Всё это произошло на следующий день, а вскоре на погосте появилось четыре свежих могилы. Брехт Вукасович. Петро Капиевский. Арнольд Вудфолл. Бесик Рушкевич. Могилы были рядом; такое решение принял я как человек «наиболее близкий усопшим». Трудно сказать, почему Вольдемар Шпорк, помощник Маркуса, к слову, приятный, хотя и рябой малый, безошибочно определил так именно меня. Но он определил и даже хотел выделить из казны средства, которых я, впрочем, не принял, оплатив всё из своего кармана. Когда похоронный обряд завершили, юный Шпорк долго стоял со мной на ветру, задумчиво смотрел на мёрзлую землю и без конца повторял:
– Хоть бы всё успокоилось…
Казалось, он, в отличие от большинства, помнит случившееся, и помнит не как угар, в котором хотели сжечь священника, а как что-то иное. Иначе почему он ни капли не удивился, ни убедившись, что в гарнизон никто не вернётся, ни увидев, что кладбищенское озеро очистилось от кувшинок, ни когда, возвращаясь с погоста и проезжая часовню, мы нашли на месте падения Бесика несколько выросших меж камней багровых роз? Он только покачал головой и стал тереть лоб, а потом перекрестился и повторил свою фразу.

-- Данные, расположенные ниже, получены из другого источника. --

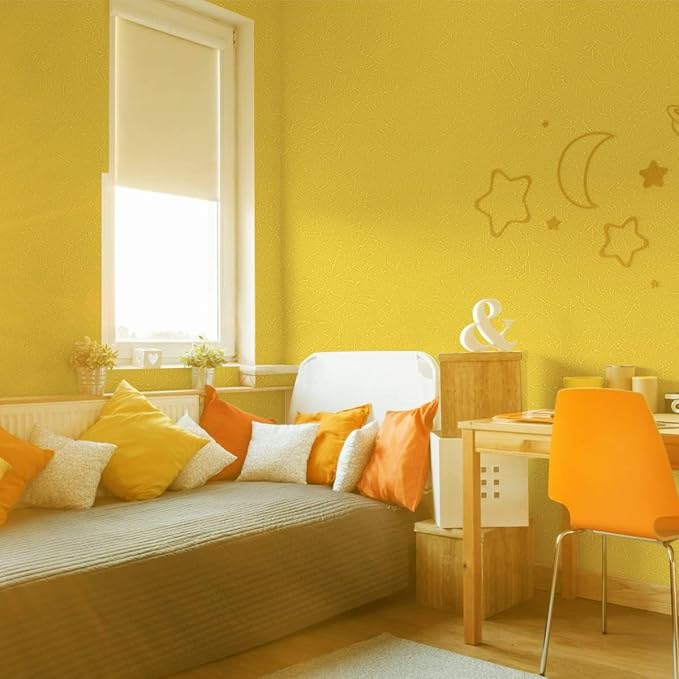 Yellow Peel and Stick Self Adhesive Wallpaper Countertop Contact Paper | Removable Embossed Silk Waterproof Bathroom Wallpaper 15.7" X 393.7" Kitchen Vinyl Wrap for Cabinet Shelf Liner Paper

Он не ошибся в надеждах: в городе стало спокойно. Ко времени, как герр Гассер и герр Вабст наконец присоединились ко мне, никто уже не стучал ночами в чужие окна, никого не находили наутро странно больным. Люди умирали исключительно от горячки, переедания, пневмонии или после случайной драки. Удостоверившись в этом (оканчивая старые дела и начиная новые, я провёл там ещё недели две, после чего бросил коллег), я написал несколько писем императрице, где подробно отчитался о произошедшем, а именно о:
– в среднем прескверном состоянии здоровья и нравов местного населения: массовом малокровии, истощении, повальном невежестве;
– несоблюдении условий захоронения трупов, ведущем ко всевозможным, зачастую пугающим аномалиям разложения;
– явлениях народного помешательства и бунта, свидетелем которых мне пришлось быть;
– необходимости поставить во главе местной церкви священника, столь же образованного и достойного, сколь ныне (в результате неудачного падения) покойный;
– том, что местонахождение Йохана Мишкольца мне до сих пор не известно и у меня есть подозрение, что османские шпионы могли пожелать расквитаться с ним;
– массовом дезертирстве целого гарнизона и о том, что некоторые в городе считают, будто гарнизон обратился в отряд мертвецов, а потом был уничтожен Господней рукой;
– пагубном пристрастии моравов к выпивке, искажающем их восприятие объективной реальности.
Пунктов было ещё много, около двадцати, и императрицу они удовлетворили – точнее, так мне показалось, о наивный я дурак! Ведь в последнем ответном письме, которое я получил намедни, была приписка особенным,
«Я жду Вас с нетерпением, мой бесценный друг, чтобы услышать…»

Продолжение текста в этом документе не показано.